The write down will be added to MorphoSys’s operating expenses, which the company said will be reported next week in the release of fourth quarter and full-year 2021 financial results.

Constellation’s drug research focuses on epigenetics, which involves turning genes on or off without altering the genetic code. The most advanced Constellation drug is pelabresib, a therapeutic candidate in late-stage development for myelofibrosis. Another Constellation drug candidate, CPI-0209, is in mid-stage testing as a potential treatment for advanced solid tumors and blood cancers. Speaking on a conference call last June, when the deal was announced, MorphoSys CEO Jean-Paul Kress said that the Constellation assets are complementary. These drugs bolster MorphoSys’s presence in blood cancer and expand its reach into solid tumors, he said. The acquisition closed last July.

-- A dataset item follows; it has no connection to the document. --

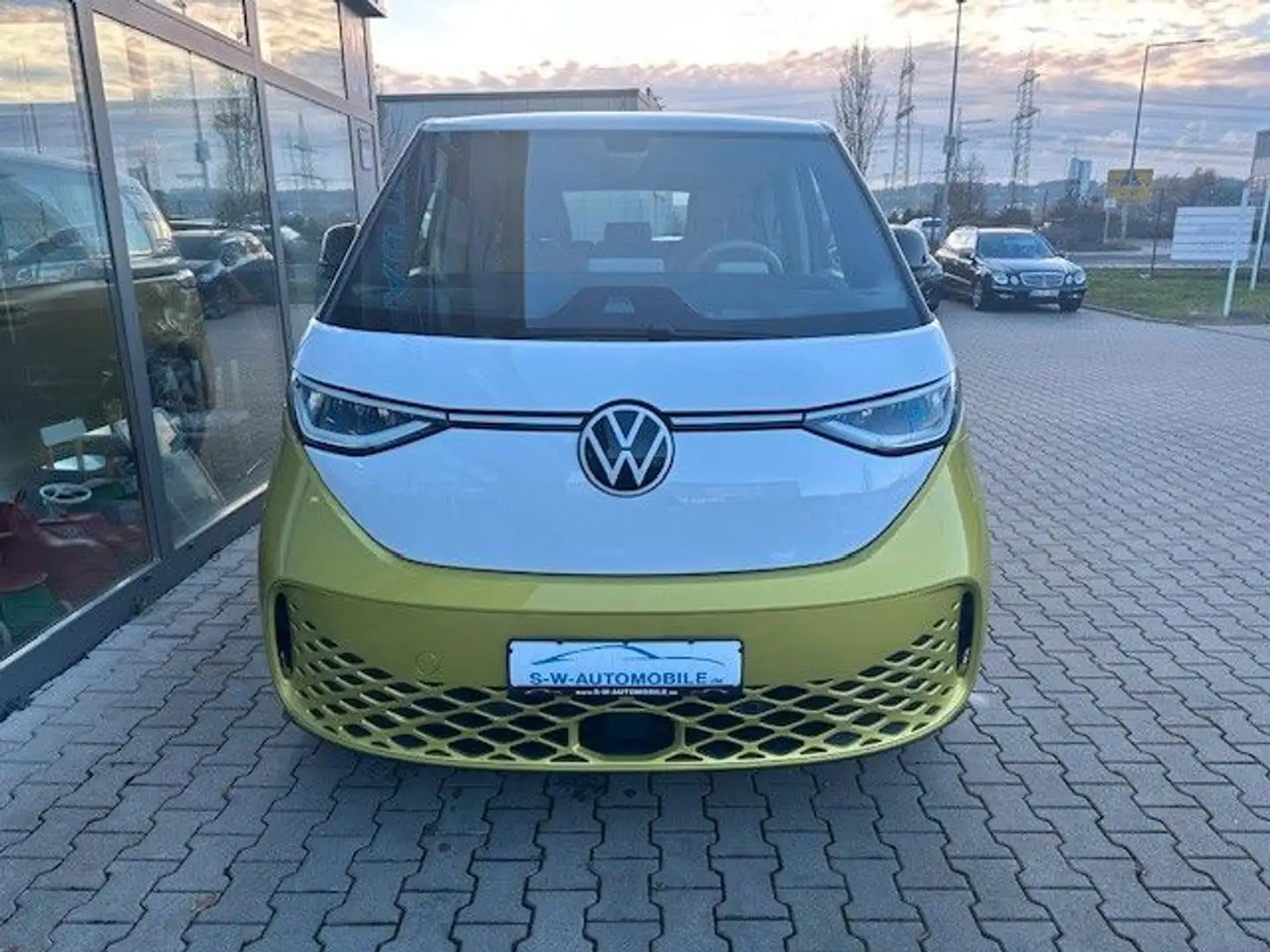 Volkswagen ID. Buzz Bus 150 kW Pro - 2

According to Constellation’s 2020 annual report, the biotech’s earlier-stage drugs included CPI-482, which was in preclinical development for blood cancers, and multiple discovery-stage compounds for solid tumors. The decision to cut these research programs is not entirely a surprise. MorphoSys Chief Financial Officer Sung Lee said on the investor call that after the deal’s close, the focus would be on the two clinical-stage compounds from Constellation and two cancer drugs that MorphoSys had advanced to the clinic.

MorphoSys’s stock price closed Thursday at $6.32, down nearly 2.5% from Wednesday’s closing price, and down more than 75% from its 52-week high.